Google’s OSS-Fuzz, which is just one of many public fuzzing platforms, contains tens of thousands of bugs—a number most development teams cannot even hope to keep up with. But the sheer number of vulnerabilities is not the only challenge. The reports generated by automated vulnerability detection tools provide little information about the security impacts of the vulnerabilities detected. This makes it practically impossible to prioritize the most dangerous vulnerabilities so that they can be corrected quickly. The need for automated vulnerability and exploitability testing techniques has never been greater.
Our research introduces a formal expression of the exploitability of a given vulnerability to tell us how likely it is that an attacker will be able to influence the behavior of a certain kind of vulnerability through program inputs. Intuitively, a vulnerability whose effects on a program can be finely controlled by an attacker is more dangerous that a vulnerability that is less exploitable. Our formal evaluation technique measures the number of unique behaviors that an attacker can control. But knowing the number of behaviors is only part of the solution. You must also be able to determine how dangerous the behaviors are. Our approach is to include all this information to arrive at a priority score—a unique and complex challenge. Formal methods ensure that the results are transparent and explainable. However, they can also be used to explore areas that have only rarely been addressed by researchers until now. And, in the limited esearch that does exist, the methods used always rely on either an expert’s judgment or on a rough classification that assumes all vulnerabilities in a class are equally dangerous.
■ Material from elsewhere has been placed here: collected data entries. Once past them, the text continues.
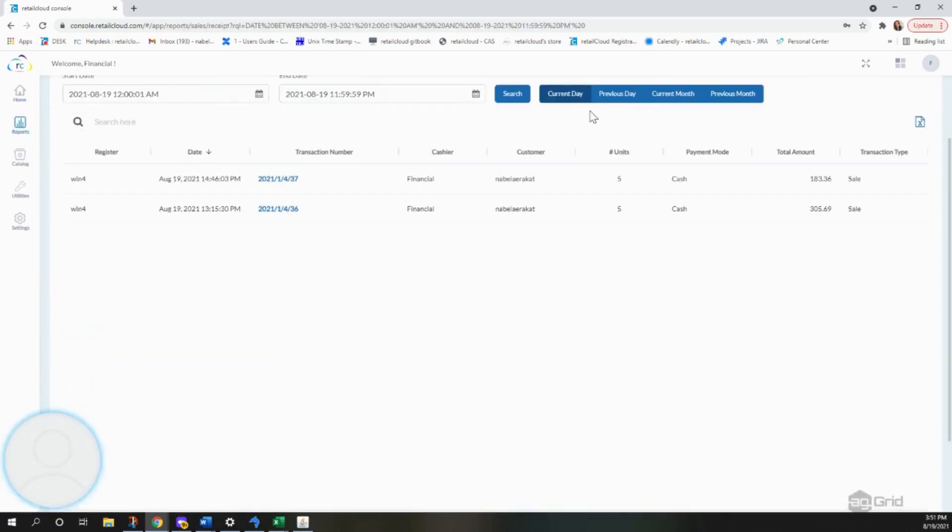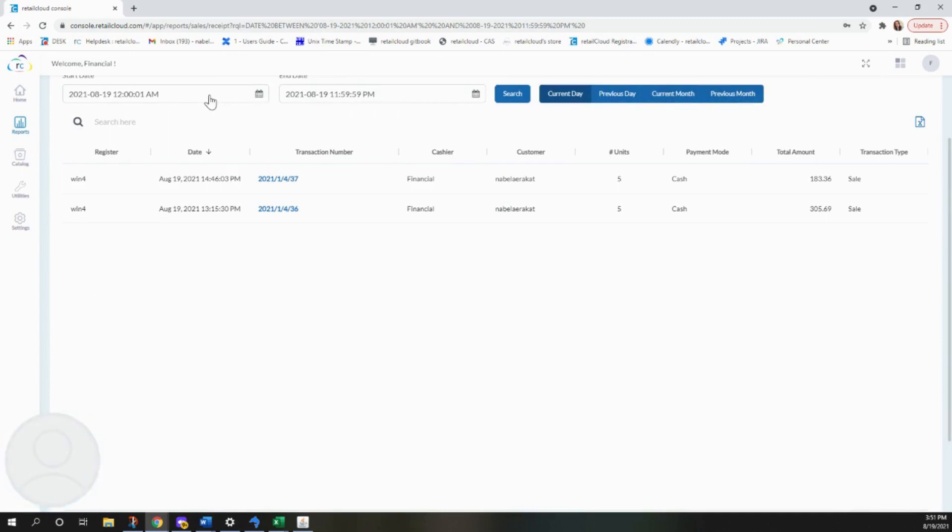Now, you can search by current day, previous day, current month, previous month, and by searching certain dates and times.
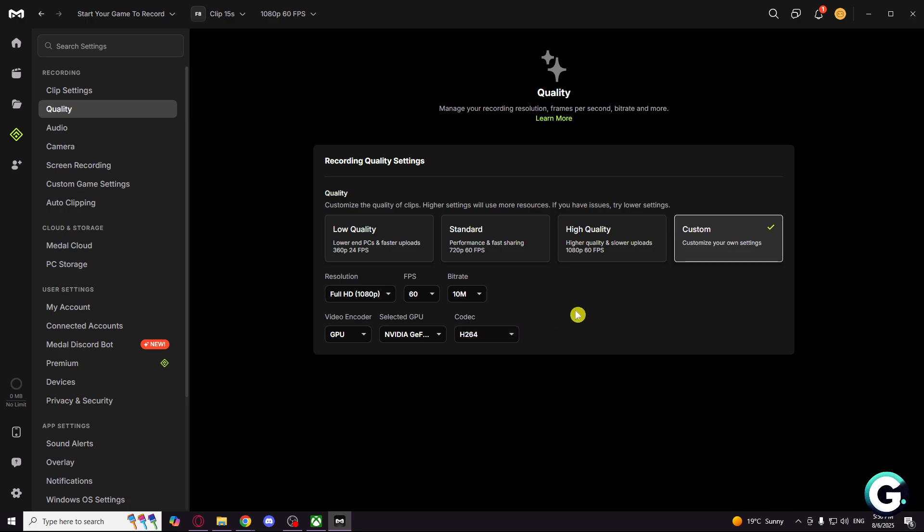So that's pretty much it. Those are my settings for clipping. Thank you guys and see you in the next one. Peace.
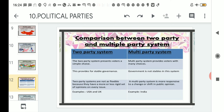Under the two-party system, the first point is that it presents voters a simple choice. Countries like the United States of America and the United Kingdom give voters only two parties to choose from, and out of those two parties, voters must choose one party and the candidate belonging to that particular party. So voters have a simple choice in a two-party system.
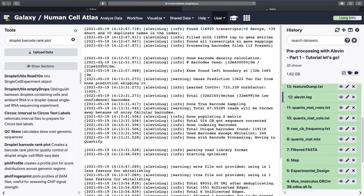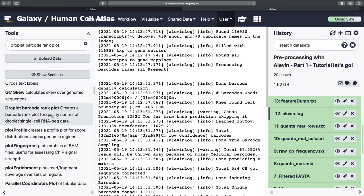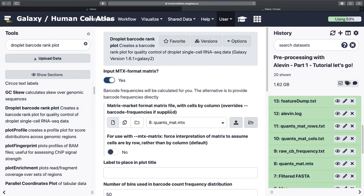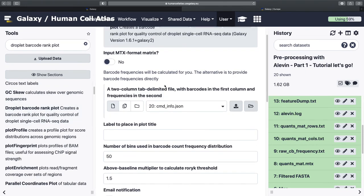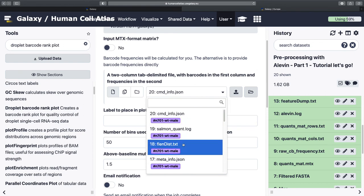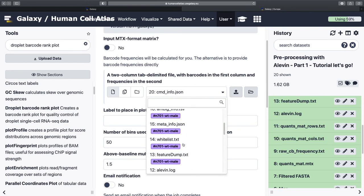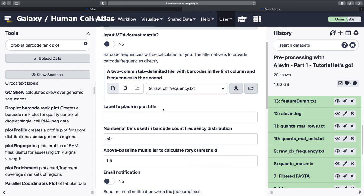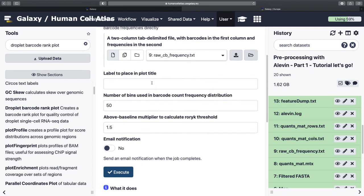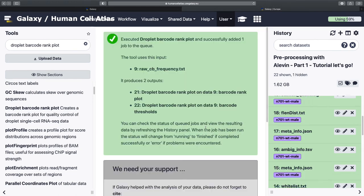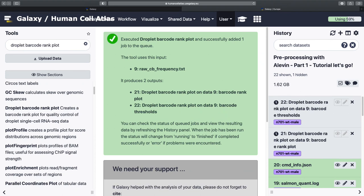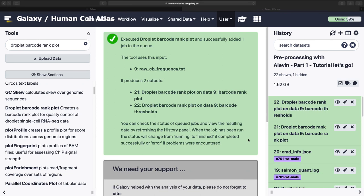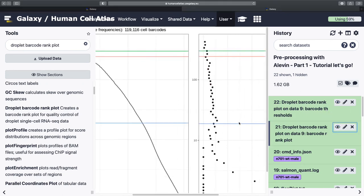And I should be zoomed in. There we go. So we want our droplet barcode rank plot. Not in that format. Raw CB. You can see. Cool. This is very good. Remembering to label a plot. I never remember to do this in Galaxy. This is some excellent data management technique right there. And we can look at our lovely barcode plot.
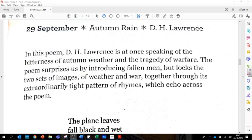In this poem, D.H. Lawrence is at once speaking of the bitterness of autumn weather and the tragedy of warfare. The poem surprises us by introducing fallen men, but locks the two sets of images of weather and war together through its extraordinarily tight pattern of rhymes which echo across the poem.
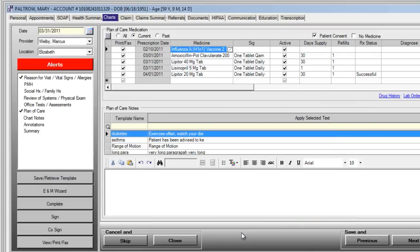The drug formulary system is automatically activated for any provider using the MTBC EHR.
Our research was published in the proceedings of Usenix Security 2025, one of the world’s leading scientific conferences on security (A-rank*). It also resulted in a platform. We tested and validated our approach on verification tasks involving real memory corruption vulnerabilities taken from CVEs (Common Vulnerabilities and Exposures databases) and on a benchmark of vulnerabilities detected by Google’s OSS-Fuzz. Our assessment covered a wide range of programs from widely used libraries like libxml2 and libpng, large-scale complex systems like openssl, and the universal bootloader u-boot, for example. Our approach produced a relevant classification of the danger of different vulnerabilities, establishing a new state of the art.


Syzbot (Linux):
1,500+ vulnerabilities still open.
OSS Fuzz (Google):
4,000+ vulnerabilities still open.
Today’s verification tools identify far more vulnerabilities than what can be corrected. So, how do you know where to begin? By using formal methods, vulnerabilities can be prioritized according to how dangerous they are.»
Determining the degree to which an attacker can effectively control
vulnerabilities is only the first step toward automated vulnerability detection. Among the many problems that must still be solved are how to assess other aspects of vulnerability exploitability, how to combine heterogeneous analysis results into a single score and ensure that the
score is relevant, and, finally, how to deploy these analyses on a large enough scale with computing speeds fast enough for on-the-fly testing. This research marks a foundational first step. We are continuing to explore the extensions of these concepts and their application to real-world use cases in research for the national PEPR Cybersécurité initiative.